Adding to the intrigue of this issue is the featured antagonist, an old ally of Doc Ock’s in Electro. As I’ve mentioned in prior write-ups about the new line of Spidey books, this is a device that just works well for story-telling purposes, at least while Spider Ock makes his way through the Marvel lineup for the first time. A Spider-Man and Electro story has more juice (excuse the pun) because the reader is now looking at it through the lens of a somewhat reformed supervillain. It saves Marvel’s creative personnel from having to reinvent the villain too many times (as Mark Waid did with Electro a few years back in ASM) since the match-up is all but brand new based on the characters’ histories with each other. And in a fun nod to how Spidey’s rogues gallery is often dismissed as not being as daunting as those associated with guys/groups like the Avengers or the Fantastic Four, Thor initially brushes Electro aside as a joke before Spider Ock has to ultimately the save the world from (partial) annihilation thanks to the instability of his Sinister Six buddy.
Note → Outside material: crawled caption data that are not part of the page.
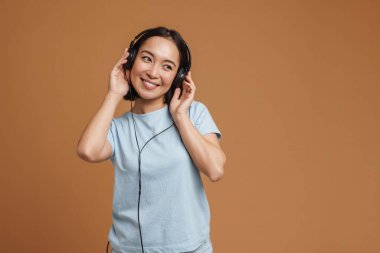 Bej arka planda izole edilmiş müzik dinlerken gülümseyen kulaklıklı genç Asyalı kadın.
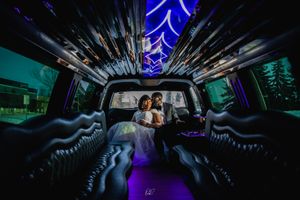 Wedding couple captured in neon-lit luxury limousine interior.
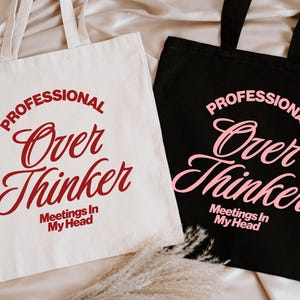 Pu&ograve; includere: Due borse tote, una color crema e una nera, con la scritta "PROFESSIONAL Over Thinker Meetings In My Head". La borsa color crema ha il testo rosso, mentre la borsa nera ha il testo rosa. Entrambe le borse hanno manici abbinati.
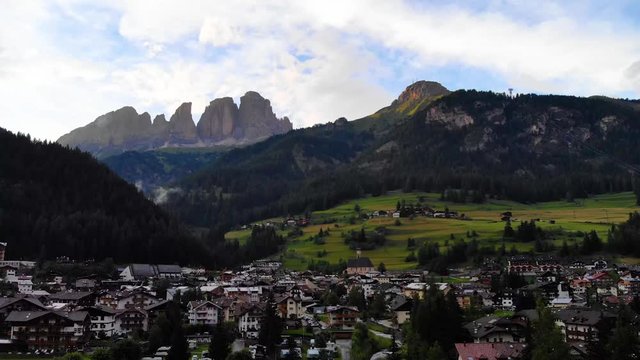 Aerial view from drone Campitello Di Fasa, Dolomites, Italy. Rocky mountains in the background. Italian Dolomites Mountains Village.  Canazei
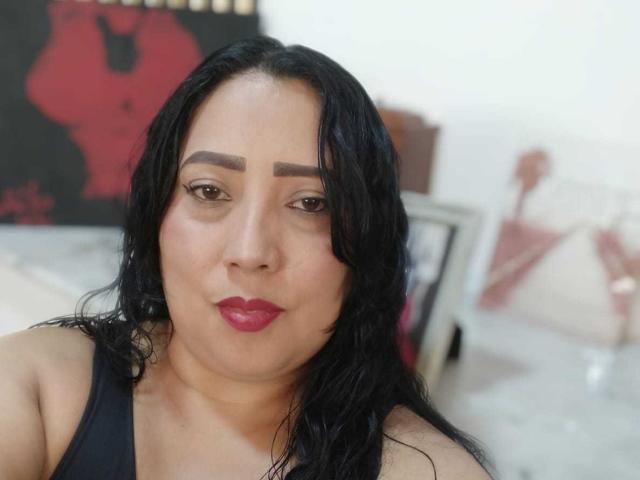 Amber Moretti mit schwarzen, welligen Haaren, brauen Augenbrauen, rotem Lippenstift und einem schwarzen Tanktop, zeigt einen ernsten Gesichtsausdruck, weiche Haut und ein leicht rundliches Gesicht..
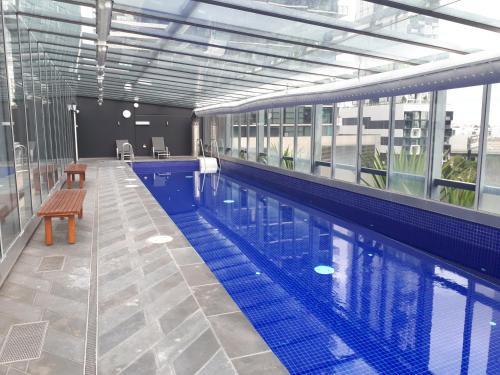 a swimming pool with a bench in a building at Exclusive Stays - Vue Grande in Melbourne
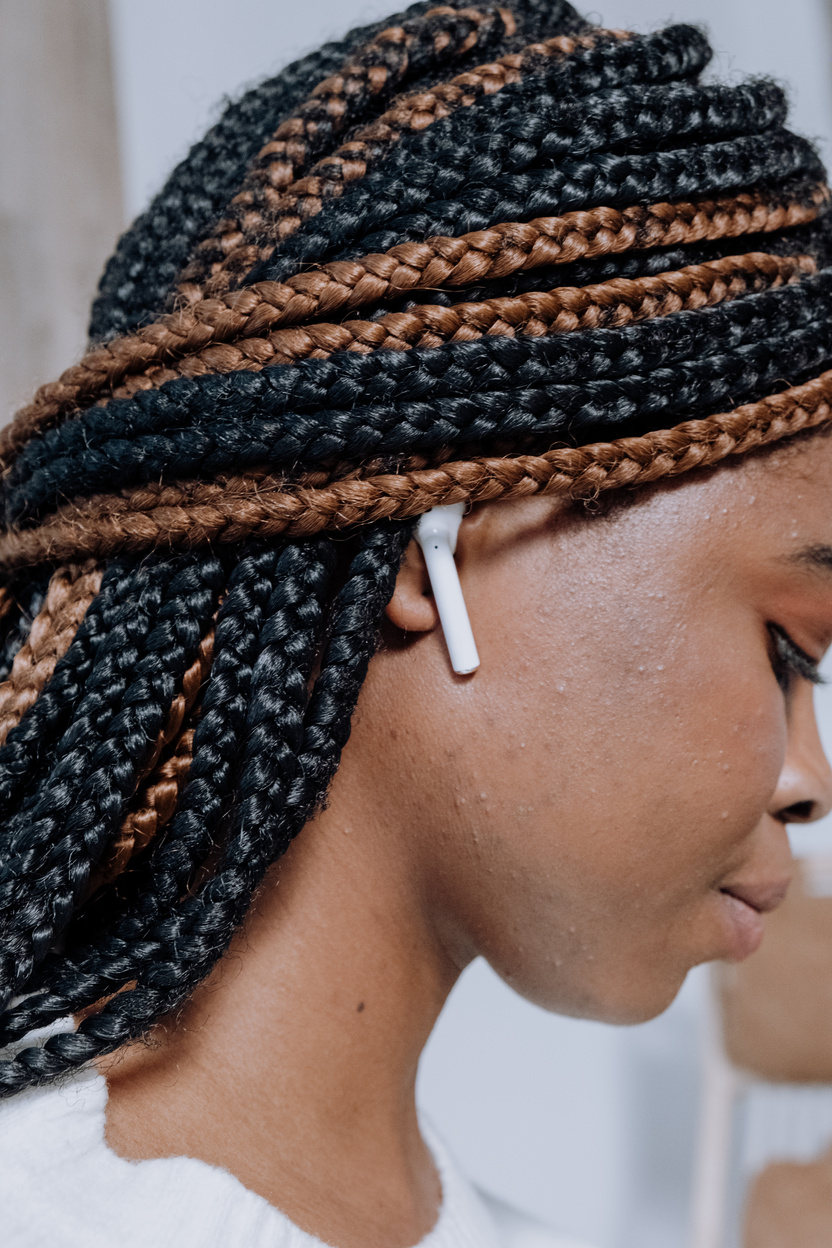 Woman With Braided Hair Wearing White Earbuds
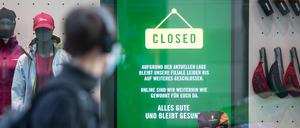 Bekleidungsgeschäft mit Hinweis auf pandemiebedingte Schließung und Onlinehandel, davor Passant mit Coronamaske.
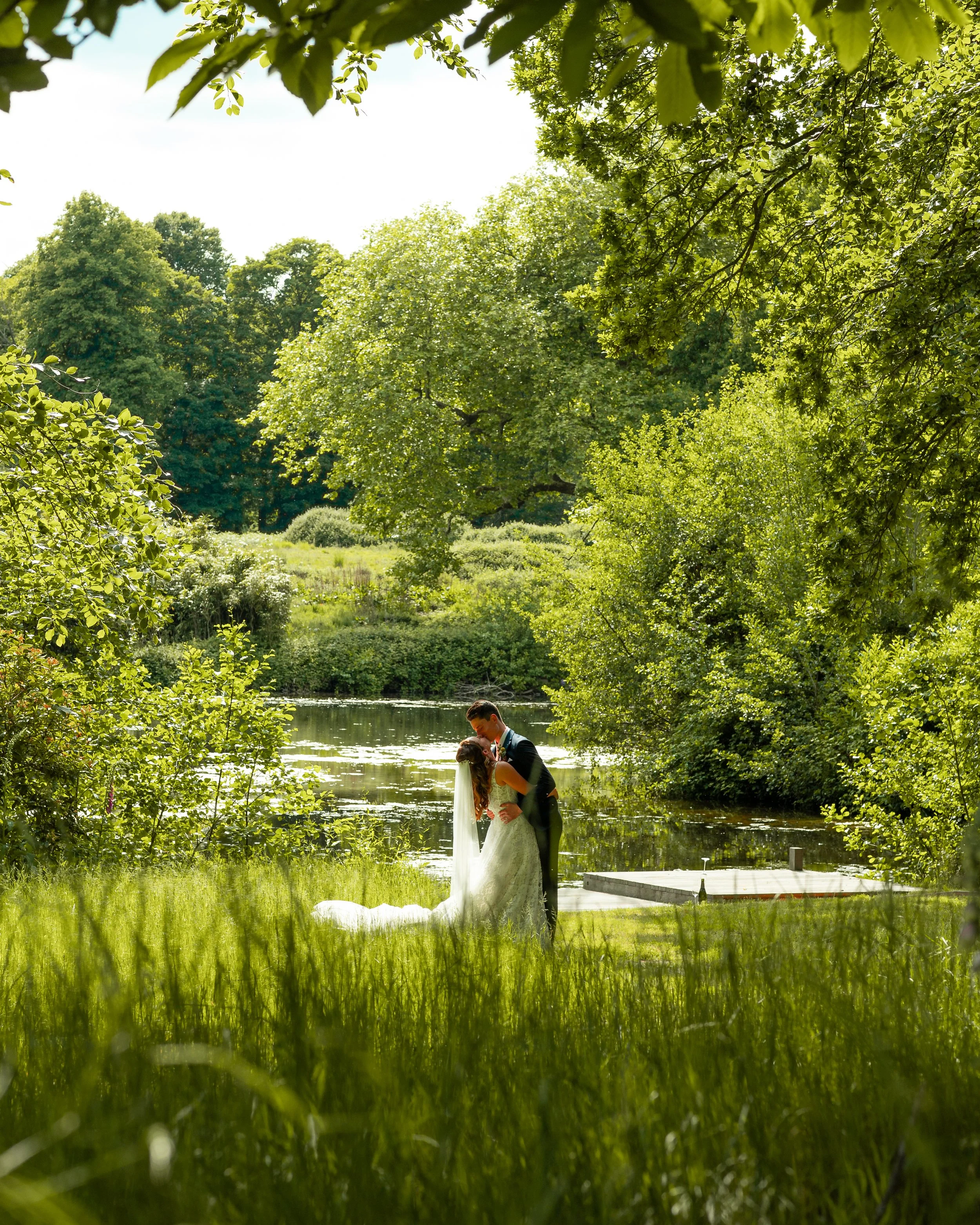 A newlywed couple kissing by a pond surrounded by trees and greenery on a sunny day.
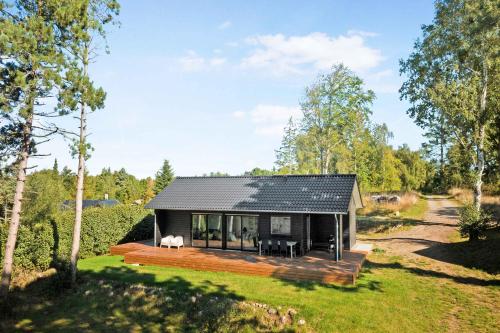 a house with a black roof and a wooden deck at New Summer House From 2021 With Sea View in Millinge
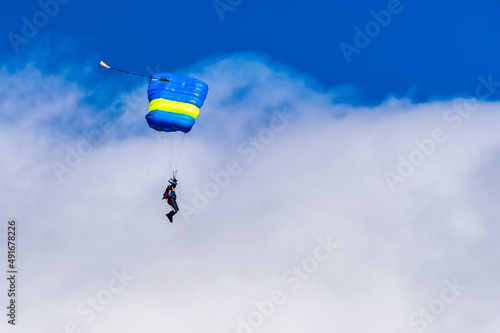 Sky diving parachutist decending against a blue sky photo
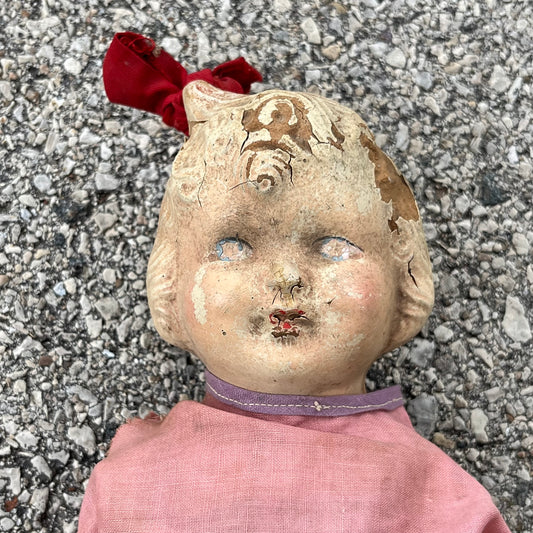 Early 1900s composition doll.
And just before things became too warm and cuddly, Spider Ock’s obnoxious personality saves the day and becomes one of Thor’s main takeaways from the team-up experience. “Your manner is disrespectful,” Thor tells him once Electro is subdued. Obviously, this all would seemingly play into the next big Superior Spider-Man arc which is Spider Ock getting
kicked out of the Avengers. How that eventually trickles down to impact the Avenging series remains to be seen, though I have to imagine if Spider-Man has been branded as toxic and unstable by the Avengers, pickings are going to be very slim for a true-to-form team-up series.
Either way, I’m still really invested in how the two primary Spider-Man titles have complimented each other and provided different insights about this new character. I’m still waiting for that one truly “great” arc to get introduced in this series, similar to what would occasionally happen in the 1980s/1990s with Spectacular Spider-Man, Web of Spider-Man, etc., but at least these comics continue to provide on the entertainment scale.